Marketers and market researchers still have a lot of work to do to deepen their understanding of this generation. Here are five infographics that paint a picture of the Gen Z landscape.
Their media consumption habits differ from previous generations—even millennials.
In 2015, Vision Critical conducted an exclusive study that exposes the changing media consumption habits of younger consumers. While Gen Z follows millennials closely, these two generations are not entirely identical when it comes to the social media networks they visit, the devices they use and how much TV content they consume.
Some notable stats about the Generation Z characteristics from the infographic:
- On average, Gen Z uses their smartphones 15.4 hours per week—more than any other type of device.
- Gen Z consume 13.2 hours of TV content per week—significantly less than boomers and Gen X.
- There has been a 41 percent increase in the use of ad-blocking software in the past 12 months.
They prefer cool products over cool experiences.
Many studies have suggested that millennials are looking for great experiences, not great products. But the same is not necessarily true for Gen Z. This infographic from Deep Focus shows that Gen Z’s expectations from the brands they buy from differ from what millennials are looking for.
Entrepreneurial and tech-savvy are two Generation Z characteristics.
What makes the Gen Z employee tick? The infographic below, produced by NextGeneration Recruitment, outlines the differences between Gen Z, Gen Y and Gen X, and highlights why employers should continue to build their understanding of each group.
They respond to edgy campaigns.
Traditional marketing doesn’t work for Gen Z. Marketers need to embrace technology and new ways of storytelling. According to an infographic from Upfront Analytics, Gen Z customers respond to edgy and visual marketing tactics. Videos—especially short ones like those created via the social network Vine—work particularly well with young customers.
They want to co-create culture—and they do.
In 2015, the market research firm Wildness conducted a study on 12 to 24 year olds in the U.S. The company’s top conclusion? This “post-internet generation” doesn’t simply consume entertainment—they help create and shape it.
From the infographic:
What we’ve uncovered in our research is that this is a generation of CCs (Culture Creators) that are redefining entertainment, consumption, the workplace and marketing. The CCs are empowered, connected, empathetic self-starters that want to stand out and make a difference in the world. They have created a new Cultural Currency that values uniqueness, authenticity, creativity, shareability and recognition.

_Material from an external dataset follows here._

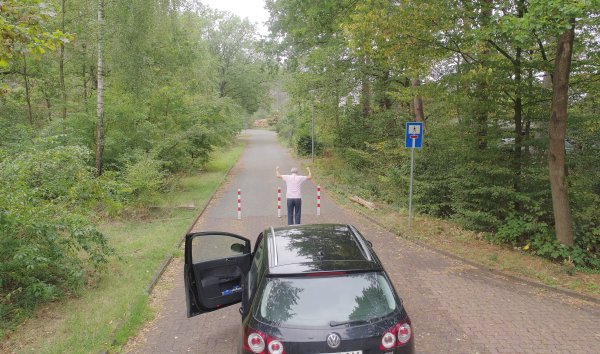 Streitthema: Nicht alle Verkehrsteilnehmer sind mit der Sperrung der Luisenstraße in Augustdorf einverstanden. Die Ratsmehrheit von SPD, FWG und FDP hat aber beschlossen, die Pfosten stehen zu lassen. - © Robin Jähne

What’s different for this generation is not as simple as the internet or technology. Technology is an important component, but what’s changed is this generation’s relationship with culture.
The study revealed that 80 percent of Gen Z say finding themselves creatively is important. Over 25 percent post original video on a weekly basis, while 65 percent enjoy creating and sharing content on social media.
These infographics reiterate the need to engage with and understand Gen Z —an increasingly important group of customers who will help to shape the future. As Gen Zs enter the workforce and their purchasing power increases, companies can’t afford to act within conventional assumptions or generational frameworks. A deeper understanding of Gen Z customers—one that is rooted in continuous, two-way dialogue—is required to deliver products, services and experiences that this elusive and evolving generation is looking for.